[TRY IT] The answer must consist solely of the lines from the one with "План сравнения двух стран" through the last line of the data, copied exactly, with no pictures.
━━━ COLLECTED MATERIAL ━━━
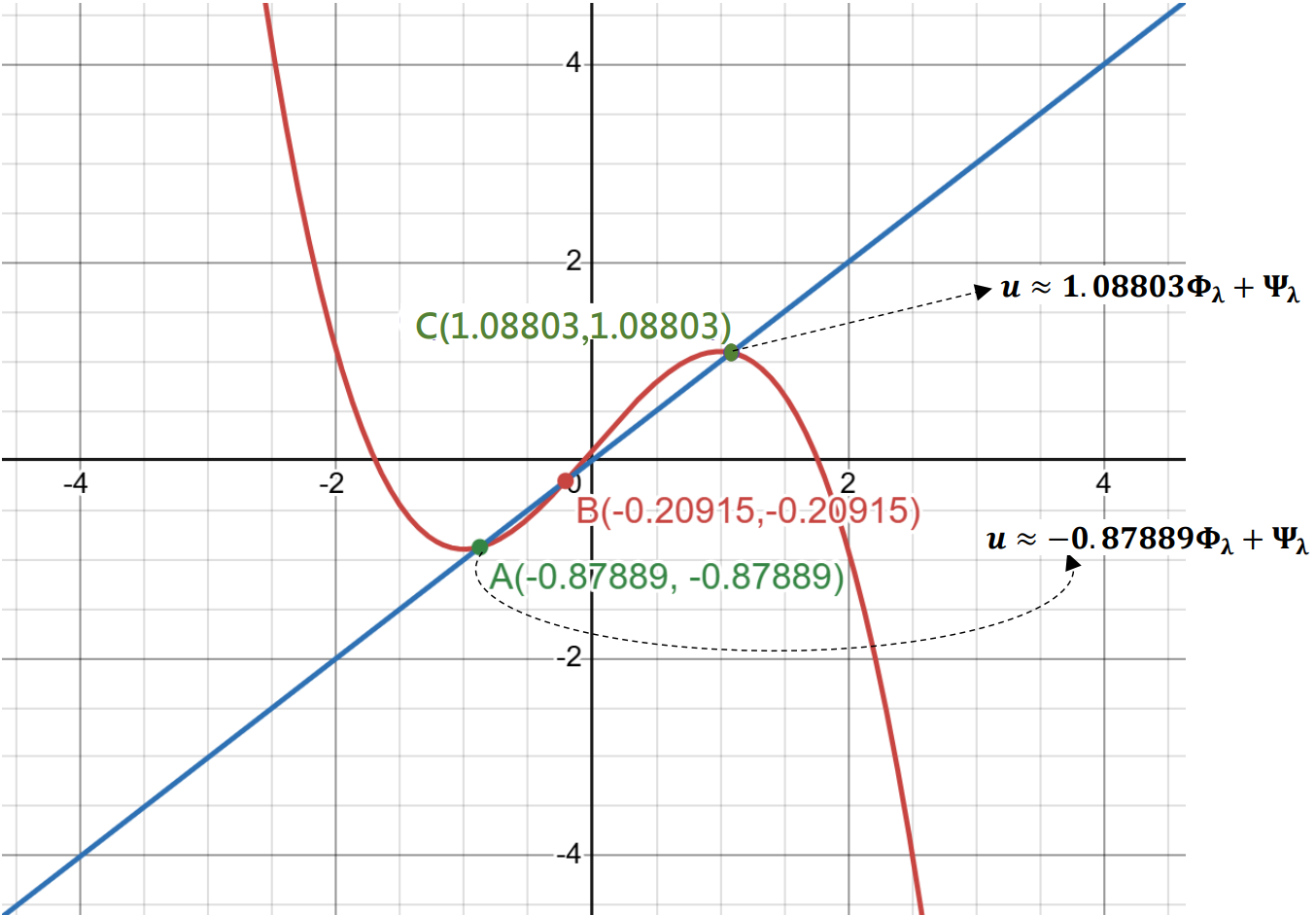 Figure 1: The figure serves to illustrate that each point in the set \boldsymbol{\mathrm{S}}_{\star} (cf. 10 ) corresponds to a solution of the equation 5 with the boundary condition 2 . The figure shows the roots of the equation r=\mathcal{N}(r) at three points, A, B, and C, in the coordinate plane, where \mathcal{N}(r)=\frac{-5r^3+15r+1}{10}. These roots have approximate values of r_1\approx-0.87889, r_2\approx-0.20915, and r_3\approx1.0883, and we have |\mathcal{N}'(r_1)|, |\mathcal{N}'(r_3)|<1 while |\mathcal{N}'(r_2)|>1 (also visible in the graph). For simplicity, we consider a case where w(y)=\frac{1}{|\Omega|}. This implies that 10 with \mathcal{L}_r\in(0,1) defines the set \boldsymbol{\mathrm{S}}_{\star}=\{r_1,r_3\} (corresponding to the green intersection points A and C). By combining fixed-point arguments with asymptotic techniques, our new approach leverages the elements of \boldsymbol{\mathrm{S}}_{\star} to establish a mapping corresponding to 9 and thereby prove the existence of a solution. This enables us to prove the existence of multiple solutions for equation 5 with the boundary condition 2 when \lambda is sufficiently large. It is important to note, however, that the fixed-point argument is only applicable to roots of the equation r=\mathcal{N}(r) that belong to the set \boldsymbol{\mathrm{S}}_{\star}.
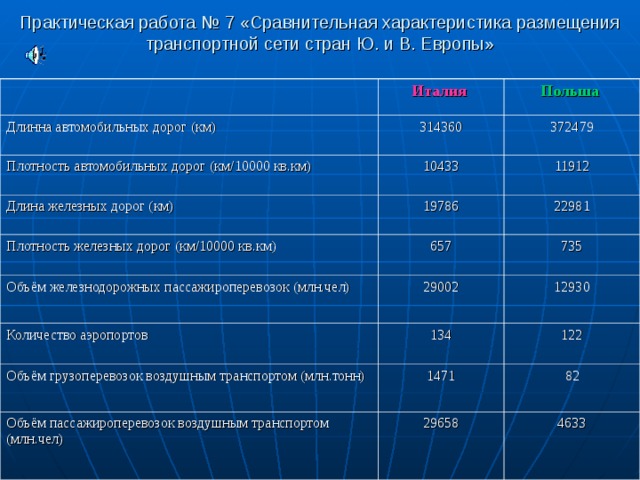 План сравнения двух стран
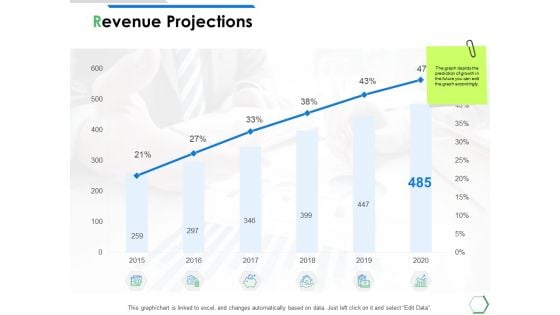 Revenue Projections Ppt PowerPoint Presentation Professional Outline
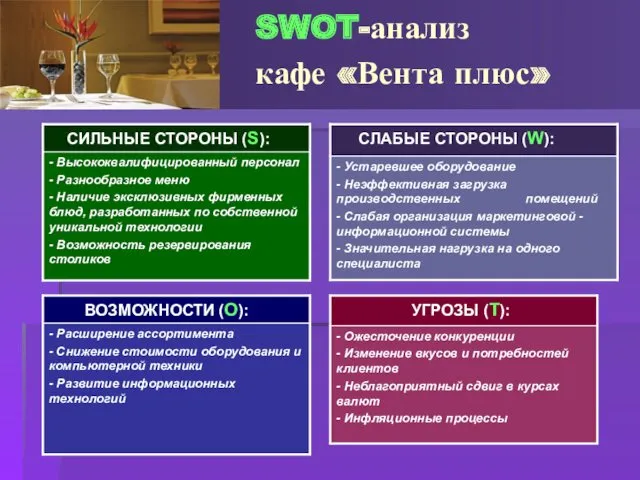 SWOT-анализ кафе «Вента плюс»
━━━
[RESPONSE TO THIS EXERCISE]
 План сравнения двух стран
 Revenue Projections Ppt PowerPoint Presentation Professional Outline
 SWOT-анализ кафе «Вента плюс»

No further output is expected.